June Trade Update
Prime Minister Bill English was very upbeat on New Zealand’s trade negotiating agenda late last week. It is unclear why this was. There seem few examples of good progress having been achieved. Maybe something is brewing with the Pacific Alliance. The following is our understanding of the state of play in current and planned negotiations:
EU
The prospect of a negotiation is looking promising. Both sides have released a summary of the joint scoping study agreed a few months ago. This is a good sign that we can look forward to a more transparent approach to this and other future negotiations.
There are two hurdles in the way of formally launching negotiations. One is the German election, the other is the New Zealand election. Both events are delaying finalization of negotiating mandates.
If all goes well and the New Zealand Government post-election still wants to negotiate a FTA with the EU we anticipate a visit to New Zealand by Cecilia Malmstrom the EU Commissioner for Trade in November (she is due to visit Canberra at the same time). The announcement of the commencement of negotiations can be expected during this trip.
UK
A low level dialogue continues but the UK is not legally allowed to begin negotiations with New Zealand or anyone else until it has left the EU Customs Union. The weaker position for the UK Government post-election and open talk by some senior Tory politicians about a “soft Brexit” must put a big question mark about this FTA possibility. “Soft Brexit” for some means remaining part of the Customs Union. This would mean that the UK cannot negotiate its own free trade agreements.
The counterfactual is the announcement that the UK has appointed former New Zealand Deputy Secretary Trade and WTO Ambassador Crawford Falconer as its Chief Trade Negotiations Advisor on a five year contract. His job description would suggest that the current UK Prime Minister is envisaging a Brexit at the harder end of the spectrum. A “softer Brexit” would still give Crawford some work as the UK would probably still need to develop a WTO persona separate to the EU. But it would not be able to enter FTAs independent of the EU.
TPP 11
The idea of implementing TPP without the United States remains alive and will be the subject of dialogue between senior officials in July.

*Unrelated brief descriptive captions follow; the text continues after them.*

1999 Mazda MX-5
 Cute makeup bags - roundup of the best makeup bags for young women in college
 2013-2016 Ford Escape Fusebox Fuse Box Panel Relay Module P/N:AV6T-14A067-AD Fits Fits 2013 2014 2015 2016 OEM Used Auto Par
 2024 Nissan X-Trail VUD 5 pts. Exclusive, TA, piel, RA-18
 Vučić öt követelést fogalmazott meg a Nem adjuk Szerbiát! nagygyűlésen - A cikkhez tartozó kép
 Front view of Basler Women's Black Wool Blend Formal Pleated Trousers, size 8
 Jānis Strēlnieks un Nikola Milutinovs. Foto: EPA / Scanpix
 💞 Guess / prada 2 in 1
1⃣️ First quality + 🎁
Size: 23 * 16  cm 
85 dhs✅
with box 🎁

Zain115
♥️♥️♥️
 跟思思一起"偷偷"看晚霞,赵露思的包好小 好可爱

The importance of achieving agreement on TPP 11 has increased with news that the EU and Japan are close to finalizing a FTA. The EU achieving better access to Japan than New Zealand would be concerning in several agricultural and services areas (a read of leaked text for the negotiation would suggest that there is still considerable work needed to finalise this negotiation).
Pacific Alliance (Mexico, Colombia, Peru, Chile)
It is interesting that Foreign Minister Gerry Brownlee is to attend the next meeting of Pacific Alliance Leaders. Normally New Zealand would be represented by the Trade Minister.
Might there be a breakthrough with regard to New Zealand’s long held desire to become a FTA partner of the Alliance? Watch this space.
India
No progress.
Sri Lanka
Nothing much happening.
GCC
The current breakdown in relations between Qatar and the rest of the GCC membership has very negative implications for the unblocking of the GCC-New Zealand FTA.
RCEP (India, ASEAN, China, Korea, Japan, Australia and New Zealand)
There is zero chance of agreement to anything close to an acceptable standard by the end of the year. Negotiations are continuing but progress is slow.
Pacer Plus
Agreement has been reached but three of the larger Pacific markets (PNG, Vanuatu and Fiji) have decided to stay outside the agreement at this point in time.
Russia
The New Zealand Russia FTA remains in the freezer. There is no point thawing it out until Russia improves its behavior in Ukraine, EU attitudes change, or President Putin moves on.